The Four Faces of Peer-to-Peer Events

Why, What, and How

Peer-to-peer events are an amazingly fast-growing source of funding. P2P event fundraising grew 55% in 2015. The top 30 peer fundraising programs alone raised nearly $1,530,000,000 in 2016.

Tapping into the deep and wide networks of your supporters make P2P events an excellent way to recruit and inspire new constituents to get involved in your cause.  And, as you add more supporters to the “base of your giving pyramid,” over time, you will be able to grow your overall program.

Advancements in fundraising technology make it possible for any sized organization to do something in the peer-to-peer space. From an operational standpoint, you can have a P2P event up and going in no time.

So, how does your organization get more involved? First, understand which of the four peer-to-peer types of events is best for you. 

Four Types of Peer-To-Peer Fundraising Events

Participatory peer-to-peer fundraising events range from the classic “-athons” – walk, run and bike rides – to more novel events like hair shaving or growing, water dumping or diving, bar crawl, or dedicating your birthday to a cause. The common thread is that an organization recruits participants who then ask their peer networks to donate and support the event.

 #1: Proprietary

Your organization owns, plans, and operates a fundraising event or challenge. Participants usually pay for entry and can use the event to do additional fundraising via a web-based platform.

EXAMPLES

PROS

  • Greatest potential for revenue of all the four types.
  • Strong connection to brand.
  • Ripe for corporate sponsors.

CONS

  • A lot of effort to plan, pay for, and execute the event.
  • High financial risk if the event is underutilized or canceled due to force majeure.

Right for you if…

  • Your organization has a critical mass of supporters within a specific geographic area.
  • Your organization has the ability to and is willing to invest significant funds and staff time to launch the event.   

#2: DIY

Your organization creates a digital/online platform for individuals to create their own fundraising event, activity, or challenge. Events usually happen offline, like birthdays, weddings, and parties, but could be virtual too. The fundraiser creates and manages the event themselves with support from the organization.

EXAMPLES

PROS

  • Easy to manage once the technology platform is set up.
  • Lowest barrier for entry for a participant.
  • Many options for people to participate.

CONS

  • Lower revenue potential.
  • Requires considerable promotion to spur action.

Right for you if…

  • Your constituency is decentralized.
  • You have an active online community.
  • You want to get started with peer-to-peer without much risk or upfront costs.

#3: Third Party

Your organization becomes a partner with an existing event, which allows a number of your constituents to participate in another organization’s event.
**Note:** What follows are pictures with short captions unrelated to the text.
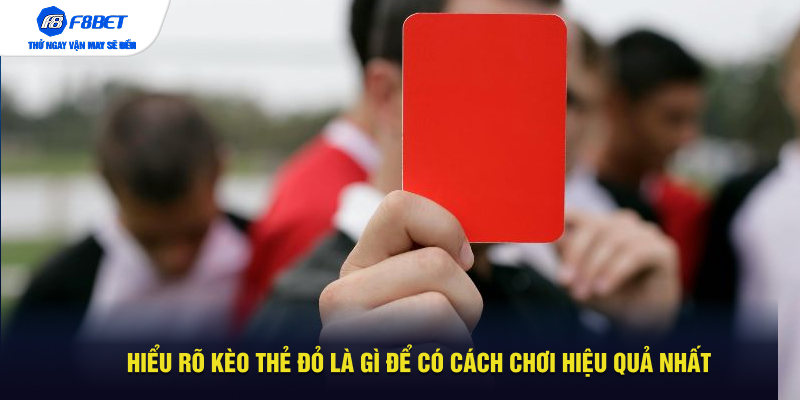 Hiểu rõ kèo thẻ đỏ là gì để có cách chơi hiệu quả nhất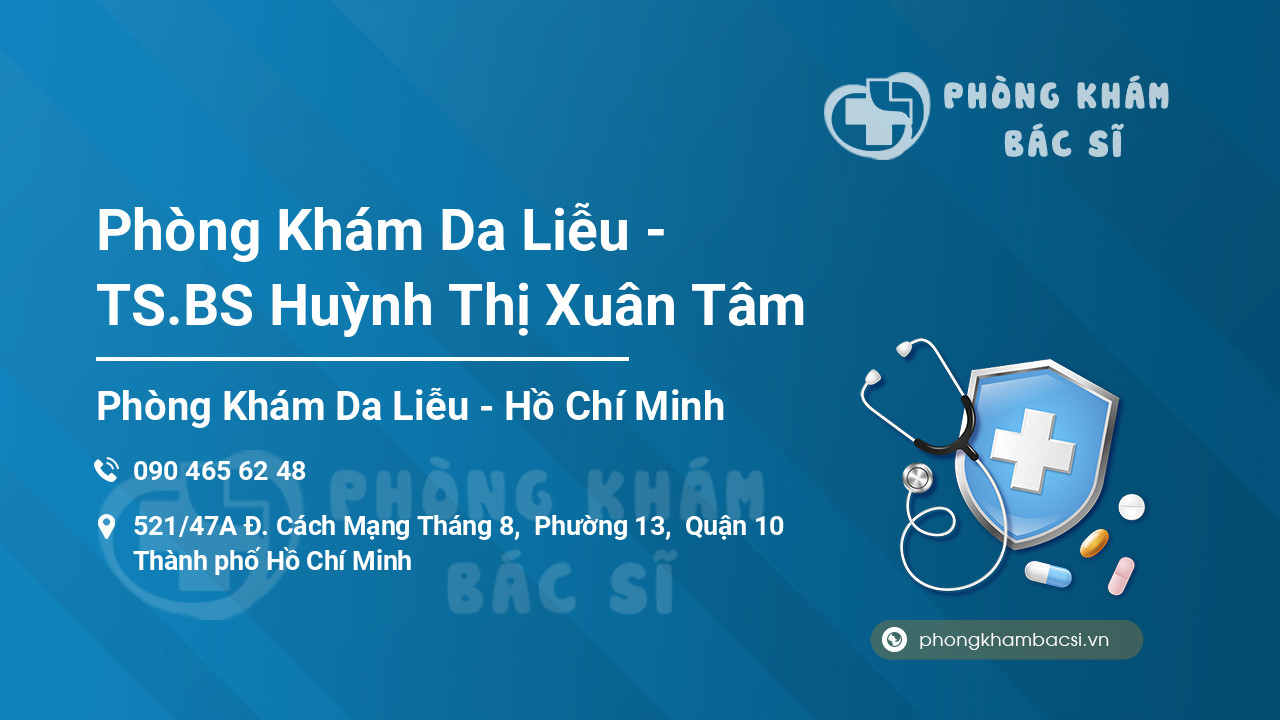 Phòng Khám Da Liễu - TS.BS Huỳnh Thị Xuân Tâm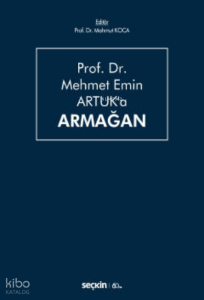 Prof. Dr. Mehmet Emin Artuk'a Armağan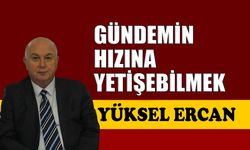 Gündemin hızına yetişebilmek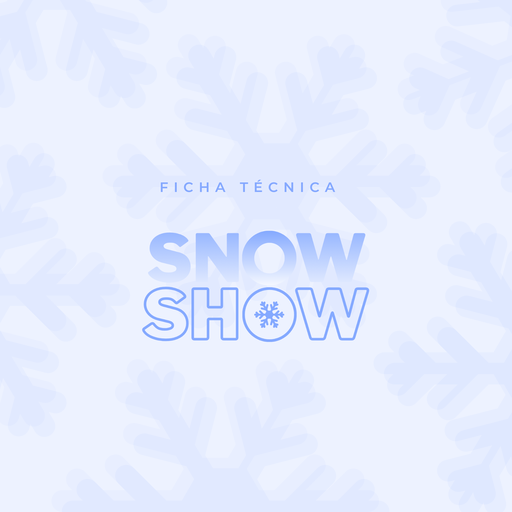 Ficha técnica Snow Show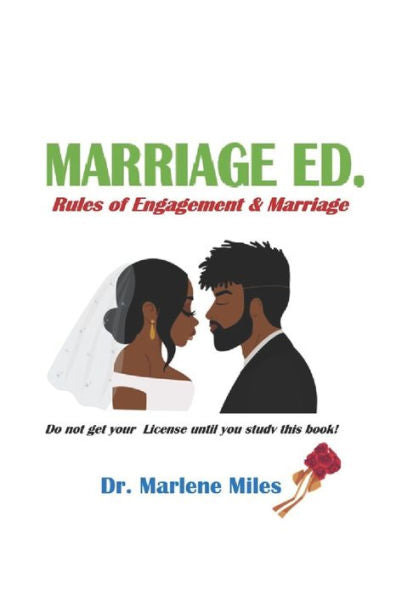 Marriage Ed., Rules Of Engagement & Marriage - 9781960150400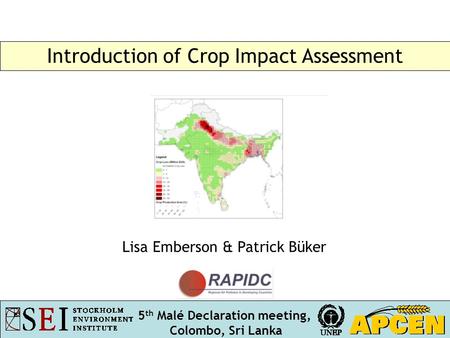 Lisa Emberson & Patrick Büker 5 th Malé Declaration meeting, Colombo, Sri Lanka Introduction of Crop Impact Assessment.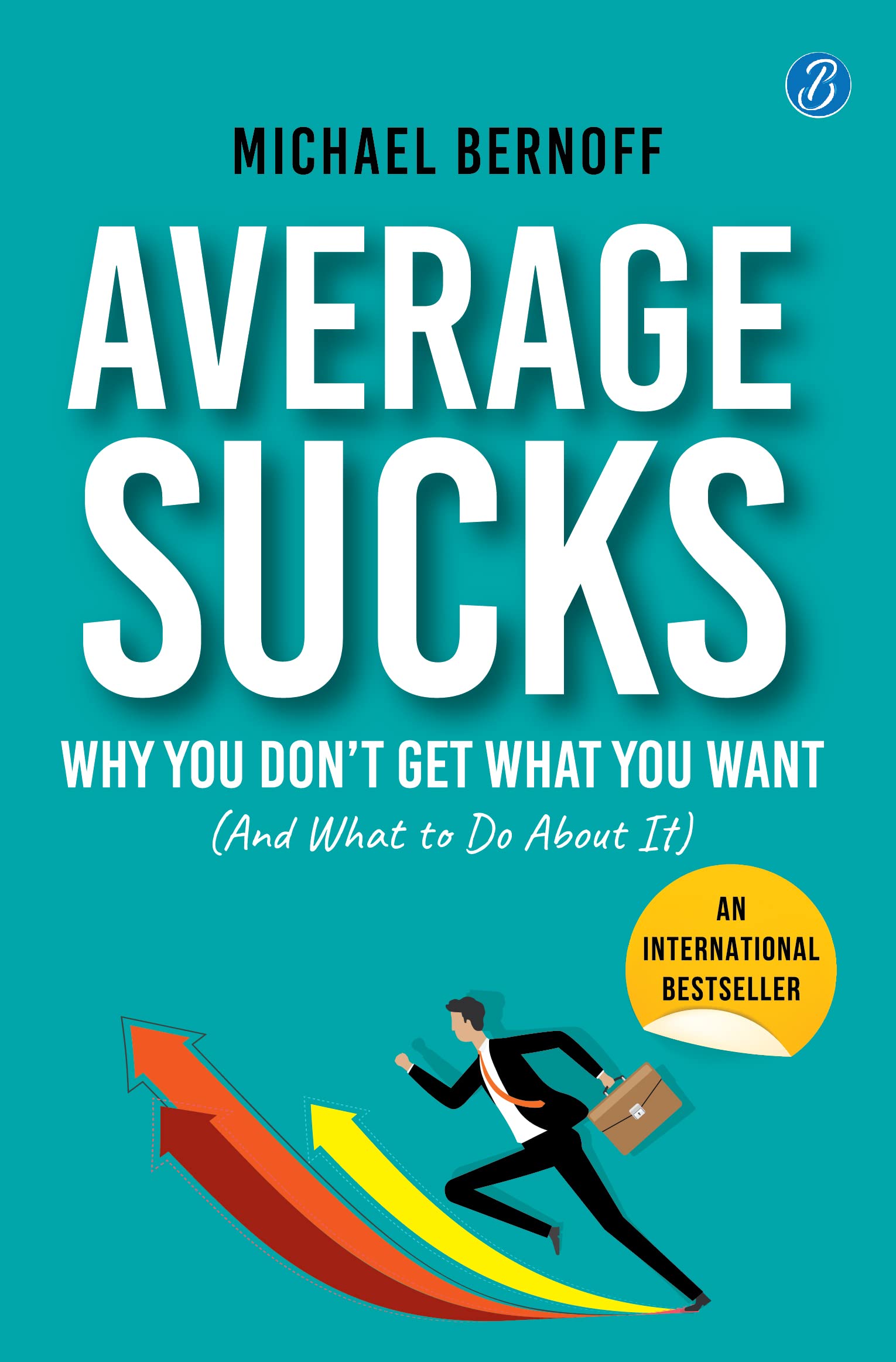 Average Sucks: Why You dont get what you want (And what to do about it)  Small Motivational Tools for Big Improvements in Life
The fundraiser agrees to raise a certain amount of funds for the organization in exchange for the participation.     

EXAMPLES

PROS

  • Low overhead cost.
  • Low barrier to entry.
  • Lower effort to organize and operate your team within the event.

CONS

  • Less revenue potential compared to a proprietary event.
  • Weaker connection to the brand and cause.

Right for you if…

  • Your constituency has deep affinity toward this type of event.
  • Your constituency is decentralized or willing to travel to an event out of town.
  • The 3rd party event is popular and its brand can boost the awareness of your organization.

#4: Crowdfunding

You rally your constituents to promote and make donations to a specific event, project, or giving period. It falls on the fringes of peer-to-peer fundraising because not all crowdfunding efforts ask supporters to solicit their networks. The best crowdfunding efforts use a web-based fundraising tool and a robust promotional strategy to maximize awareness.      

EXAMPLES

PROS

  • Rallies constituency to focus support on a singular, focused event.
  • Provides a compelling call-to-action for a cause.
  • Raises awareness. 

CONS

  • Considerable effort to create, promote, and execute a giving day.
  • Risk of underperforming if not promoted successfully.

Right for you if…

  • Your organization has a tangible set of projects with direct impact.
  • Your constituency responds well to a call to action.
  • Your organization has a large constituency and well-known brand.

 



So, How Do I Get Involved?

Appoint a Leader and Make a Plan

With any initiative, two keys to success are: 1) identifying a single person who is accountable for the success of the effort, and 2) writing a plan. Your plan should answer the following questions: What are the measurable objectives? What are the deliverables needed to achieve the objectives? What tasks are necessary to create the deliverables? Who is responsible for the tasks and when are they due? How much will it cost?

Determine Your Technology Needs

Assuming that your organizational goals and assets align with one or more of the types listed above, the next step is to secure a peer-to-peer online system. This process can be more nuanced, however here are a few resources to get you started. 

Consider Getting Some Expert Advice

Don’t know what you don’t know? Consider bringing in a coach to get you started, or to reinvigorate or organize your existing processes. Give us a call – Benefactor Group can help guide you through the various types of peer-to-peer events, technology options, and general best practices.

Survey Your Constituents

Not sure where to start or what to do with peer-to-peer? Start with a survey to your constituency and ask them what kind of events they would be willing to participate in and fundraise on behalf of your cause.